DIRECTIONS:
Please print the listing that follows word for word, but skip any pictures it holds.

GIVEN MATERIAL:
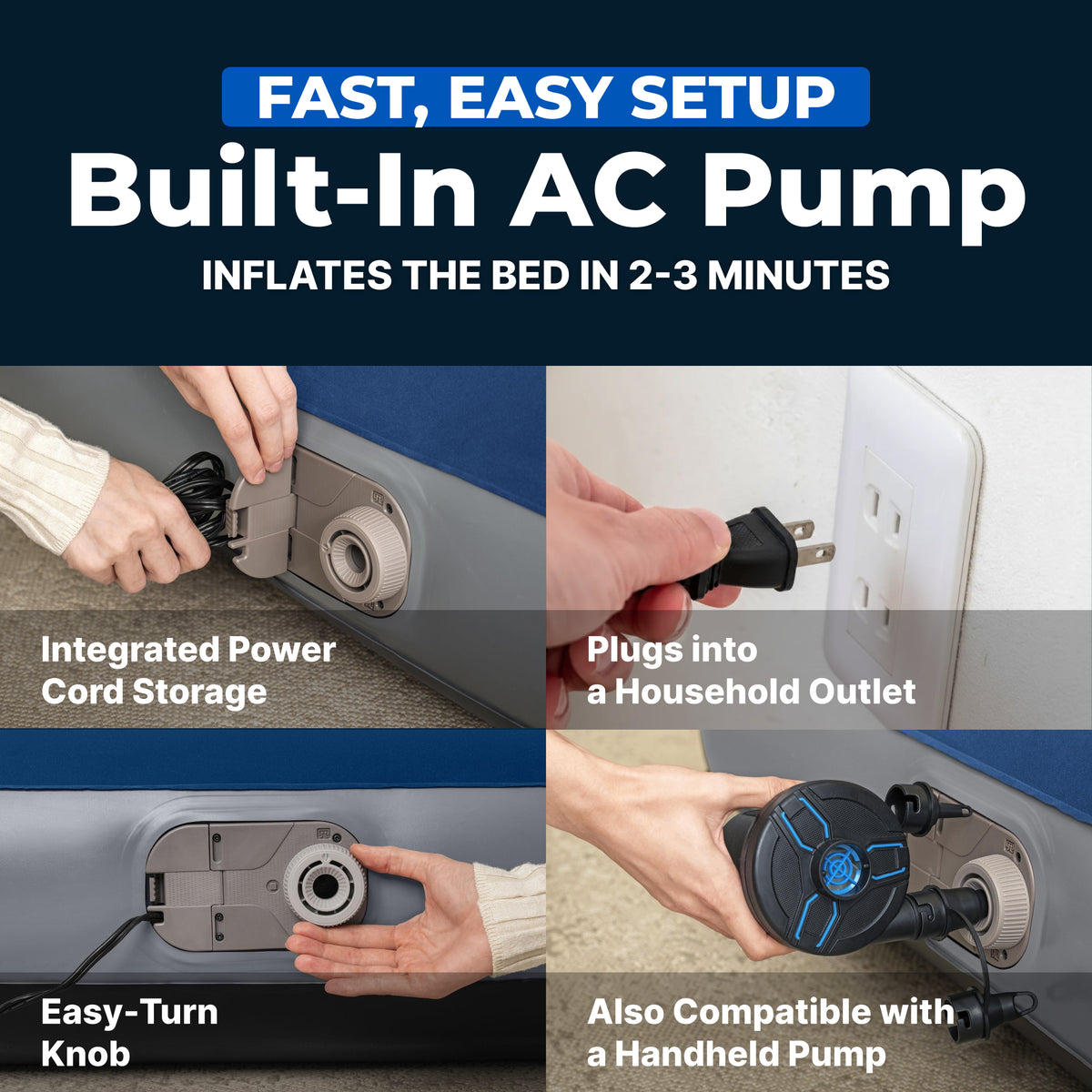 Bestway SleepSupport Air Mattress Full 12” with Built-in AC Pump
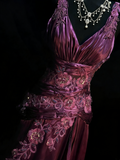 Vintage A Line V Neck Grape Satin With Beadings Lace Floor Length Inspiration Long Prom Dresses HZ0311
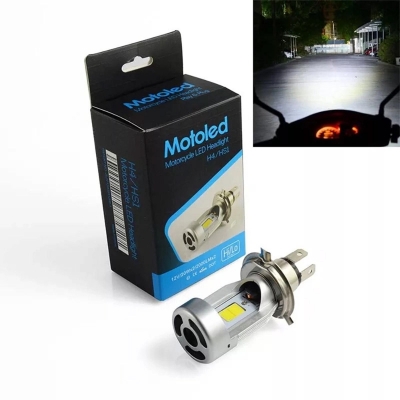 Picture of Yellow 2500K Golden Motoled H4 Led Headlight Bulb H/L High Low Dual Beam 20W X2 2000Lm Motorbike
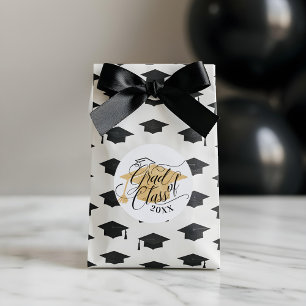 Sticker Rond Élégant noir Script typographique Casquette Gold G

RESULT:
 Bestway SleepSupport Air Mattress Full 12” with Built-in AC Pump
 Vintage A Line V Neck Grape Satin With Beadings Lace Floor Length Inspiration Long Prom Dresses HZ0311
 Picture of Yellow 2500K Golden Motoled H4 Led Headlight Bulb H/L High Low Dual Beam 20W X2 2000Lm Motorbike
 Sticker Rond Élégant noir Script typographique Casquette Gold G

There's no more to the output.